> **Your assignment**: How many lines in the material below contain the string "MORTGAGECOMMENTATOR"? Answer with the number alone.

> **Recorded data**:

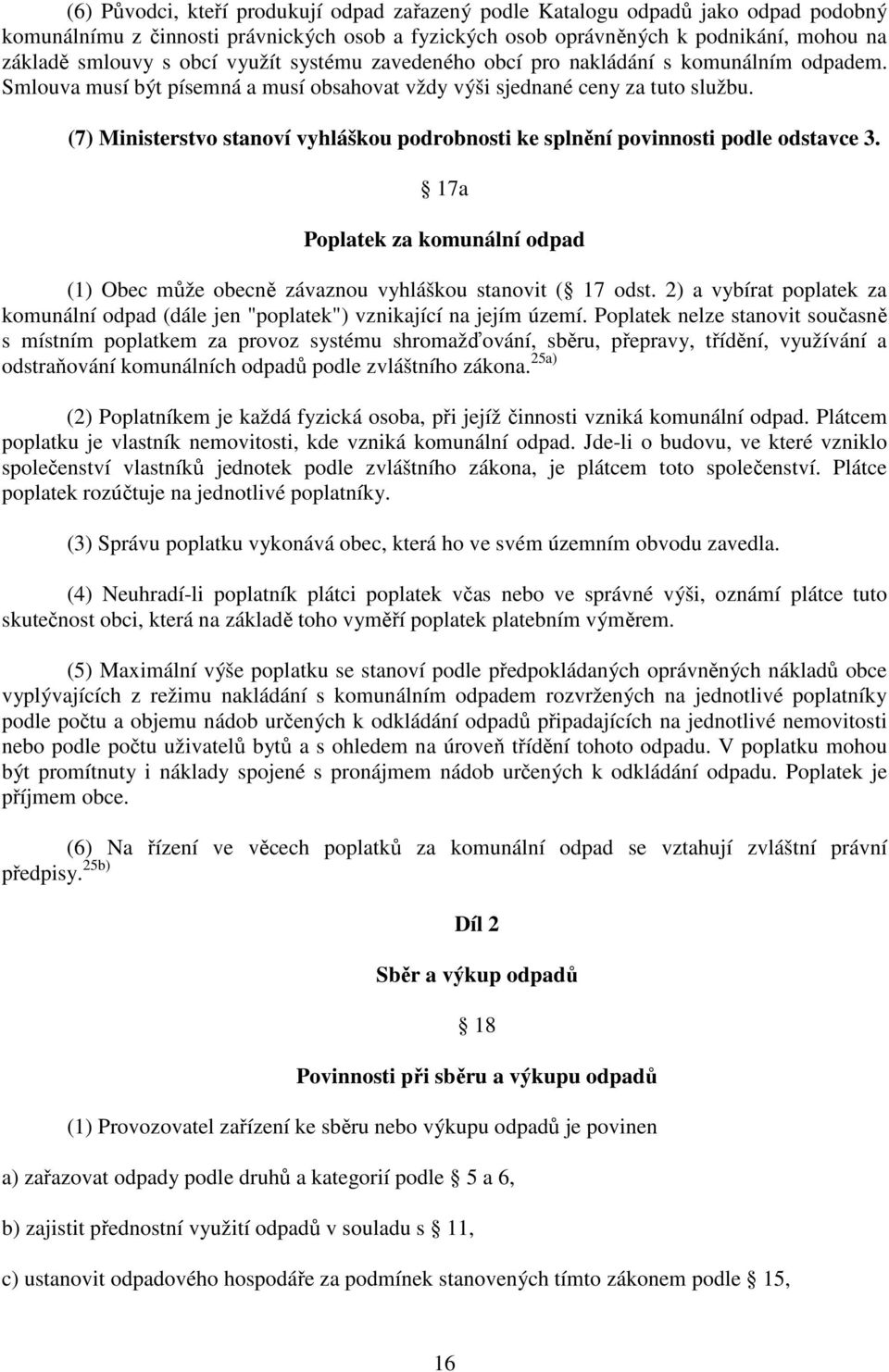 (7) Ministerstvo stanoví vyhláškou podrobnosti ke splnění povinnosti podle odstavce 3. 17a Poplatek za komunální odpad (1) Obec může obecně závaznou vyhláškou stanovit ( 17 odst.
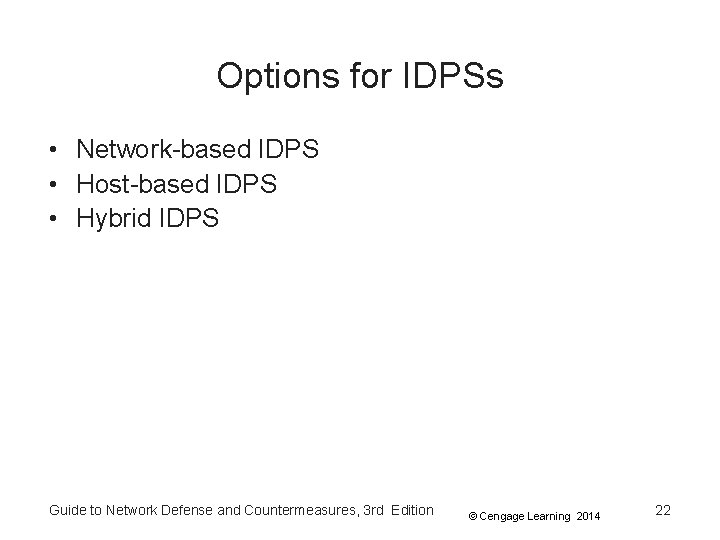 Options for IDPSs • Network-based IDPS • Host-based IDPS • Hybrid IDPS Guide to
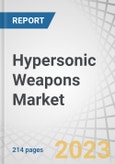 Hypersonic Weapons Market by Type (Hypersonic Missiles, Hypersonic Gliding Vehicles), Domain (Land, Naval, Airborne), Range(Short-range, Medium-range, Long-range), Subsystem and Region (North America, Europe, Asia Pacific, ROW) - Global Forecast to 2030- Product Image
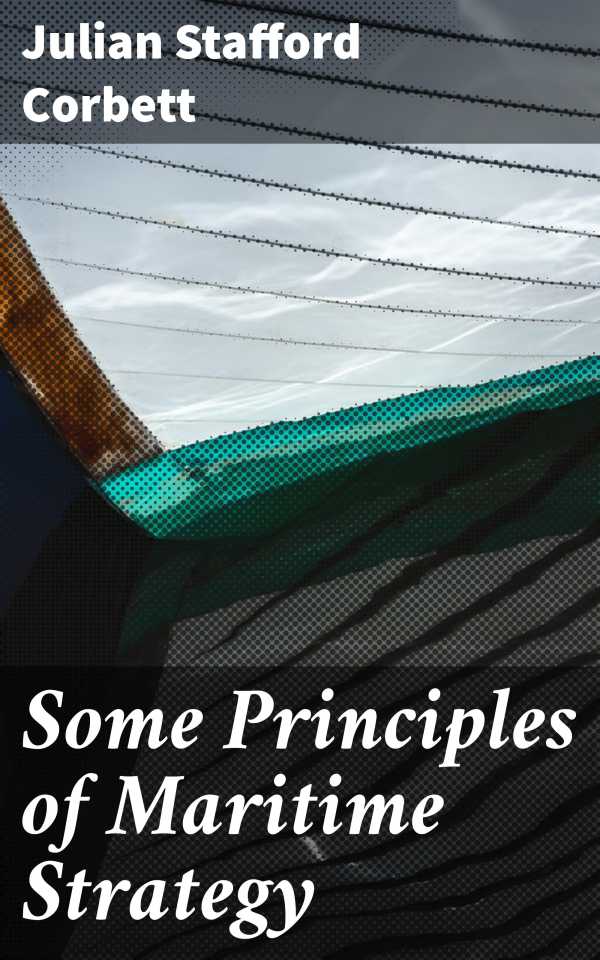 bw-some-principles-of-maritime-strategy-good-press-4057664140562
...
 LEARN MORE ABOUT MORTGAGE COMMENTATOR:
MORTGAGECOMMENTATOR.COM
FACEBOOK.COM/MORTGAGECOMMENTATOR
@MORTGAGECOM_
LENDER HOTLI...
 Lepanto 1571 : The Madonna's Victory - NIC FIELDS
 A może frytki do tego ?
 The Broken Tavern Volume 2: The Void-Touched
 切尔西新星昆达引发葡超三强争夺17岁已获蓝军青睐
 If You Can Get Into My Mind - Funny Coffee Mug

> **Exercise solution**: 2